EX-5.1 2 d764337dex51.htm EX-5.1 EX-5.1

Exhibit 5.1

GRAUBARD MILLER

THE CHRYSLER BUILDING

405 LEXINGTON AVENUE

NEW YORK, NEW YORK 10174

July 25, 2019

Pivotal Acquisition Corp.

c/o Graubard Miller

405 Lexington Avenue

New York, New York 10174

Dear Sirs:

Reference is made to the Registration Statement on Form S-4 (“Registration Statement”) filed by Pivotal Acquisition Corp. (“Company”), a Delaware corporation, under the Securities Act of 1933, as amended (“Act”), covering an aggregate of 37,000,000 shares of common stock, par value $.0001 per share (“Common Stock”), to be issued by the Company to the holders of common stock of LD Topco, Inc. (“LD Topco”), a Delaware corporation, in connection with the business combination described in the Registration Statement, including upon achievement of certain earnout conditions.
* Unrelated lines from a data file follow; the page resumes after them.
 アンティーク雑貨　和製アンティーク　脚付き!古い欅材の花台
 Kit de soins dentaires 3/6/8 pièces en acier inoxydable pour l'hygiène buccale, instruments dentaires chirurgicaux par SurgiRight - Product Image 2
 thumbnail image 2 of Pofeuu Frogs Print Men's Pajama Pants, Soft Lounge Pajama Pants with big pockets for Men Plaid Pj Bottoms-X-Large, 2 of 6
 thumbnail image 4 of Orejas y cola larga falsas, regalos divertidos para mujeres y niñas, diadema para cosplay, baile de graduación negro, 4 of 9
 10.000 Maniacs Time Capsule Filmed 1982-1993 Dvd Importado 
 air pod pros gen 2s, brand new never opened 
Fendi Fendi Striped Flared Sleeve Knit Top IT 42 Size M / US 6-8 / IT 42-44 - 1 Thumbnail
We have examined such documents and considered such legal matters as we have deemed necessary and relevant as the basis for the opinion set forth below. With respect to such examination, we have assumed the genuineness of all signatures, the authenticity of all documents submitted to us as originals, the conformity to original documents of all documents submitted to us as reproduced or certified copies, and the authenticity of the originals of those latter documents. As to questions of fact material to this opinion, we have, to the extent deemed appropriate, relied upon certain representations of certain officers and employees of the Company.
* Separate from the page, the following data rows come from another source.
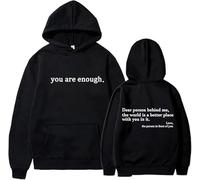 Dear Person Behind Me Hoodie Sweatshirt, You Are Enough Hoodie Sweatshirt, To The Person Behind Me Hoodie (13,3XL)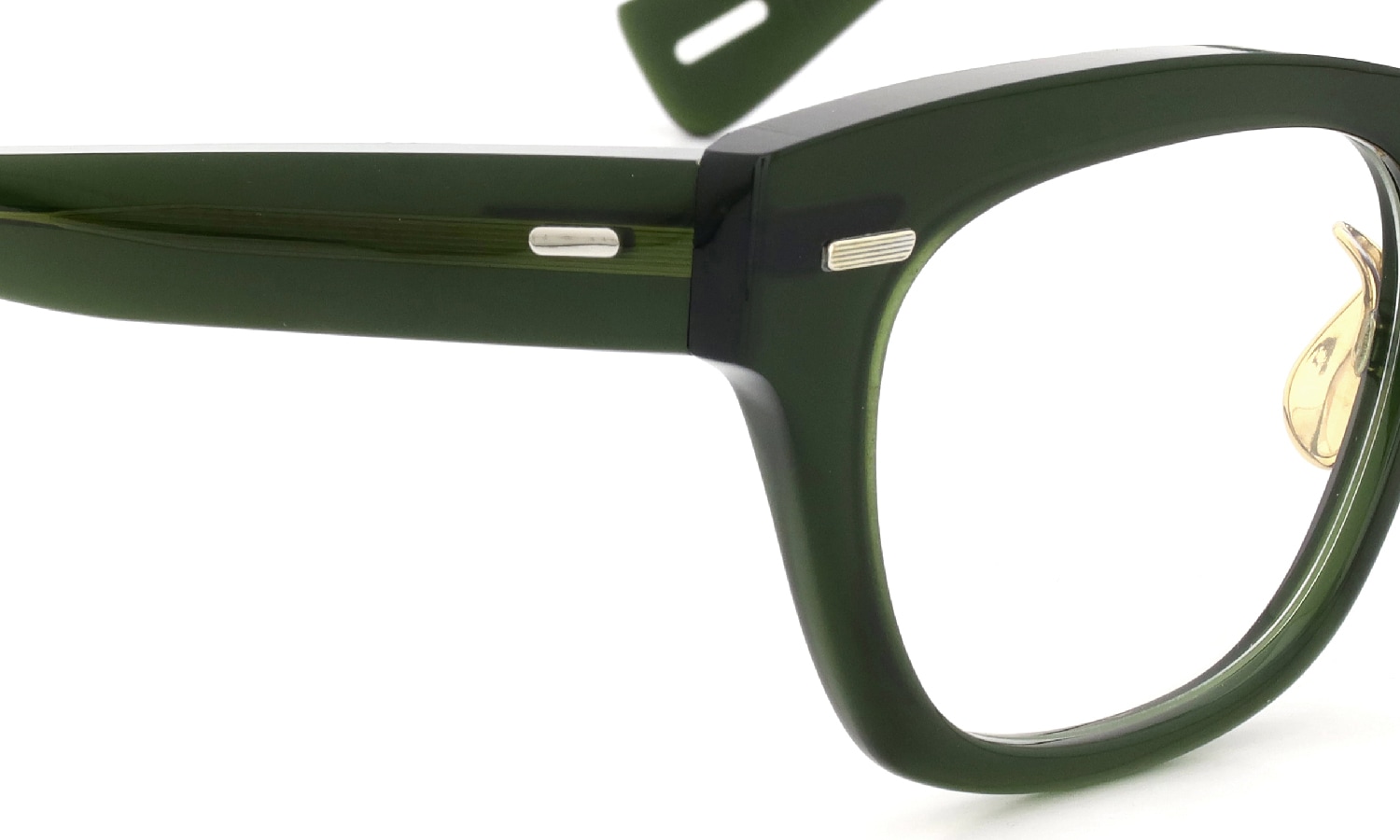 YUICHI TOYAMA. メガネ通販 ORD U-175 COL.04 Drak green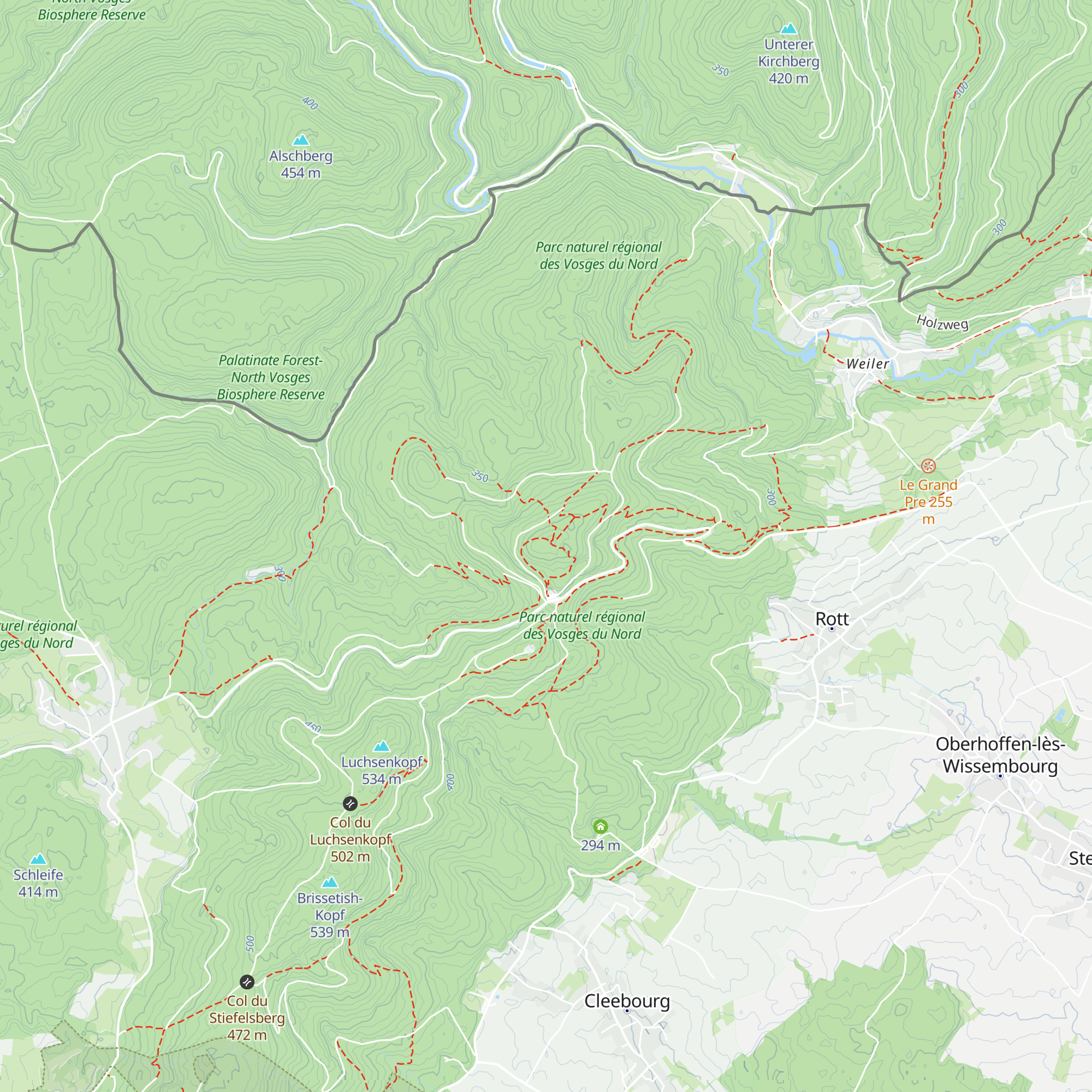 Refuge de la Scherhol map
In connection with the opinion expressed below, we have assumed that, at and prior to the time of the issuance and delivery of any securities by the Company pursuant to the Registration Statement, (i) the Registration Statement has been declared effective and no stop order suspending the effectiveness of the Registration Statement has been issued and no proceedings with respect thereto have been commenced or threatened, (ii) all relevant corporate actions heretofore taken by the Company remain in full force and effect, (iii) the business combination described in the Registration Statement has been approved, and (iv) there has not occurred any change in law materially adversely affecting the power of the Company to issue and deliver the securities or the validity of such securities.

Based upon the foregoing, we are of the opinion that the Common Stock to be issued to the holders of common stock of LD Topco in connection with the business combination, when issued in accordance with and in the manner described in the Registration Statement and the Agreement and Plan of Reorganization governing the transactions contemplated thereby, will be duly authorized, validly issued, fully paid and non assessable.

We are opining solely on all applicable statutory provisions of Delaware corporate law, including the rules and regulations underlying those provisions, all applicable provisions of the Delaware Constitution and all applicable judicial and regulatory determinations. We hereby consent to the use of this opinion as an exhibit to the Registration Statement, to the use of our name as your counsel and to all references made to us in the Registration Statement and in the Prospectus forming a part thereof. In giving this consent, we do not hereby admit that we are in the category of persons whose consent is required under Section 7 of the Act, or the rules and regulations promulgated thereunder.